Depuis la toute première génération de Chasseurs, notre Marque révélait nos forces. Certains symboles revenaient souvent et avaient une signification bien précise telle qu'une colombe pour une âme pure, des ronces pour le tourment, des lames pour la vengeance... Et d'autres étaient plus complexes et possédaient un sens caché. En un seul coup d'œil, on pouvait connaître une grande partie de la vie d'un Chasseur. Montrer notre Marque était une façon de nous dévoiler, d'afficher les épreuves que nous avions traversées, nos compétences, notre caractère. Certains Chasseurs étaient réputés pour leurs tatouages uniques. Lors des conférences de la BPP, chacun portait un vêtement qui mettait en valeur sa Marque et en parlait avec fierté. Malheureusement, nous étions obligés de la cacher en présence des humains, à notre plus grand désarroi. Mais c'était ainsi. Les humaines lambdas ne pouvaient pas connaître notre existence. C'était d'ailleurs pour ça que je portais toujours des vêtements très épais à l'université. Et je croisais les doigts tous les jours pour que ma Marque ne se complète pas en plein cours. Si cela arrivait, ce serait une véritable catastrophe. Même si nous étions considérés comme des légendes urbaines par la majorité de la population, certains paieraient cher pour voir un Chasseur en chair et en os. Et étant donné que nous ne comptions pas jouer les rats de laboratoire ou assouvir les désirs malsains de certains gangsters passionnés de combats illégaux, nous avions préféré cacher ce que nous étions réellement. Tant que le secret était préservé, nous étions en sécurité. Tel était la devise de la BPP.

Pour ma part, et à mon plus grand dam, ma Marque ne s'était pas développée comme elle l'aurait dû. Elle ne s'était pas complétée à mes douze ans. Je n'étais pas fier de ma Marque. Et pendant longtemps, je m'étais demandée pourquoi j'étais si différente.
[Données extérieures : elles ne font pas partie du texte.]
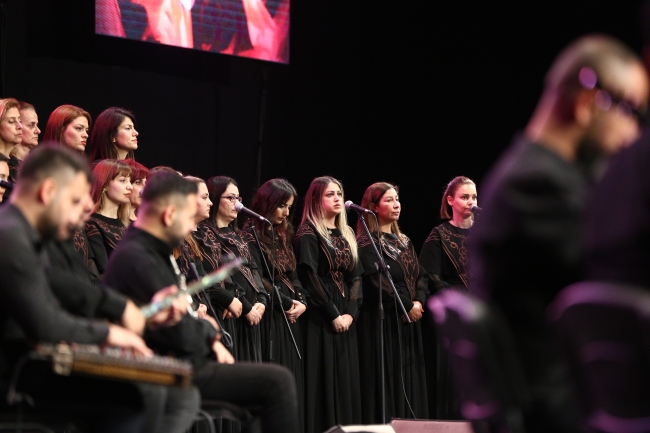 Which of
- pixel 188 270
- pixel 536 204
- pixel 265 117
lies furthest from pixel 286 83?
pixel 536 204

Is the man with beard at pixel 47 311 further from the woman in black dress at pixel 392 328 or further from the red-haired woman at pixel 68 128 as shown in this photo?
the woman in black dress at pixel 392 328

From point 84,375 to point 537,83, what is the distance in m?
6.17

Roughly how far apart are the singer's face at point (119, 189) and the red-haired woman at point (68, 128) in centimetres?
54

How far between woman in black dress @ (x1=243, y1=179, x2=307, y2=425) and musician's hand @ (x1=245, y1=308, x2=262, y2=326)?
157 mm

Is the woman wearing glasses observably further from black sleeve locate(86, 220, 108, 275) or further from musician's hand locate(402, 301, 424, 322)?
musician's hand locate(402, 301, 424, 322)

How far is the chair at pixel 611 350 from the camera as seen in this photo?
162cm

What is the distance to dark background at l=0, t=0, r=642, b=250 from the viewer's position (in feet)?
23.9

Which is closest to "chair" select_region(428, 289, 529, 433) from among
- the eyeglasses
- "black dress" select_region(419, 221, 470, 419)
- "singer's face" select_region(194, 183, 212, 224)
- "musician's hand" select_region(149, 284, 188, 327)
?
the eyeglasses

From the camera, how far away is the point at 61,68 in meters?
6.68

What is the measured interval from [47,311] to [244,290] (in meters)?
3.12

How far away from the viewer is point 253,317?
219 inches

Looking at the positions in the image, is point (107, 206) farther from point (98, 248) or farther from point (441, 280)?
point (441, 280)

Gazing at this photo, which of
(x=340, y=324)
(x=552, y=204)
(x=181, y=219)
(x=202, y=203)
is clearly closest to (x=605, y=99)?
(x=552, y=204)

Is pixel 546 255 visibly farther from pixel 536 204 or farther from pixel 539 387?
pixel 539 387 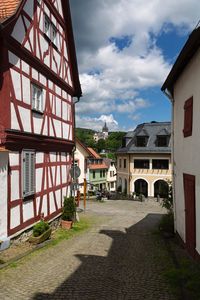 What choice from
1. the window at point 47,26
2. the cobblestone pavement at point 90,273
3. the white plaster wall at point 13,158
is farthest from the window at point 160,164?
the white plaster wall at point 13,158

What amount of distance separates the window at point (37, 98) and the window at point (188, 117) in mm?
5443

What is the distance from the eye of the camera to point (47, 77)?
14.8 metres

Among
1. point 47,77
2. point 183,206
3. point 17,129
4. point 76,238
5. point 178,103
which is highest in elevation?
point 47,77

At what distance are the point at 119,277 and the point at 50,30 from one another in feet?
35.3

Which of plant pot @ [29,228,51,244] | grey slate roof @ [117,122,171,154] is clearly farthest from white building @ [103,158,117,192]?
plant pot @ [29,228,51,244]

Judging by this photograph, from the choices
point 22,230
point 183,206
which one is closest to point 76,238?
point 22,230

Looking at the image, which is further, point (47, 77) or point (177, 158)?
point (47, 77)

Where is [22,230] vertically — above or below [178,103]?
below

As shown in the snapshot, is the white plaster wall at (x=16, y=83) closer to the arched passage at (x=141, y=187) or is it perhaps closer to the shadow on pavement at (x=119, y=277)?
the shadow on pavement at (x=119, y=277)

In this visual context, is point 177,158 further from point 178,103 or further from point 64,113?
point 64,113

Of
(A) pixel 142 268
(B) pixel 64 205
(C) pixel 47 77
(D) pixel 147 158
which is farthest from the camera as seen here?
(D) pixel 147 158

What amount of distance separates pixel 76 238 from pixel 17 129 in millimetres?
4867

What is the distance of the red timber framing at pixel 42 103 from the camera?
11023 mm

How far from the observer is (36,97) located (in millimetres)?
13664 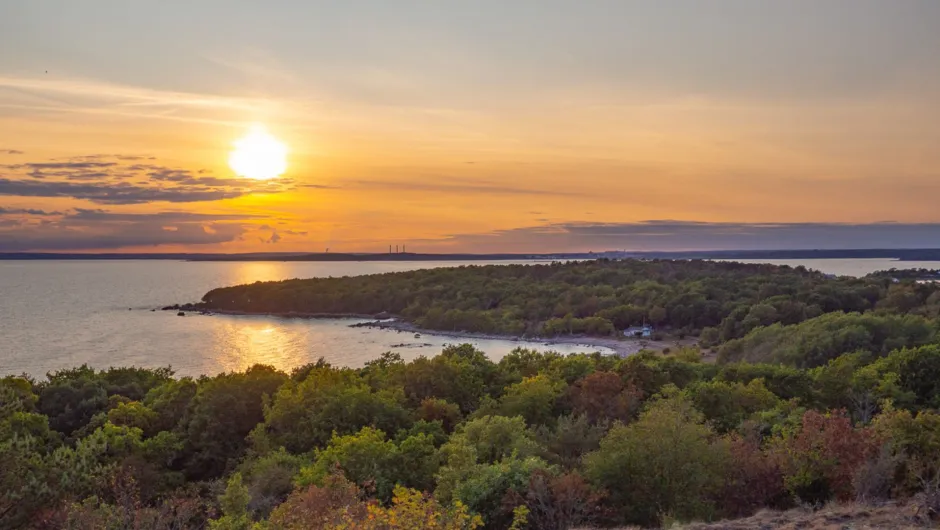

À contrario, celle de mon frère s'était transformée dès ses douze ans et ne cessait de croître. La Marque de Jase était magnifique : le Centre s'était transformé en un œil détaillé. Celui-ci pleurait un liquide rougeâtre – du sang – qui se répandait sur une dague plantée dans le sol, témoignant de la tristesse et du désir de vengeance qui l'animait depuis la perte de nos parents. Peu après, des ailes s'étaient ajoutées à cette dague, indiquant qu'il me protégeait, tel un ange gardien. Cela évoquait son caractère hyper-protecteur. Des ronces s'étaient ensuite développées tout autour, dessinant des nœuds sombres et remontant peu à peu vers son épaule, signe de son mal-être suite à la perte de nos parents. Leur mort atroce l'avait beaucoup plus affecté que moi. J'étais trop jeune pour m'en souvenir. Lui, non. Ici et là, divers symboles s'étaient mêlés à cet enchevêtrement envoûtant de ronces, rendant sa Marque exceptionnelle. Et il y avait quelques jours, un nouveau symbole que nous n'arrivions pas à déchiffrer avait fait son apparition sur sa peau légèrement halée. Un « X » sobrement calligraphié entouré d'un cercle élégant trônait sur son épaule. Rien qu'en voyant ces quelques symboles, tous les Chasseurs pouvaient ressentir la souffrance et la colère qui animaient Jase. C'était pour cela qu'on le traitait souvent avec respect à la BPP.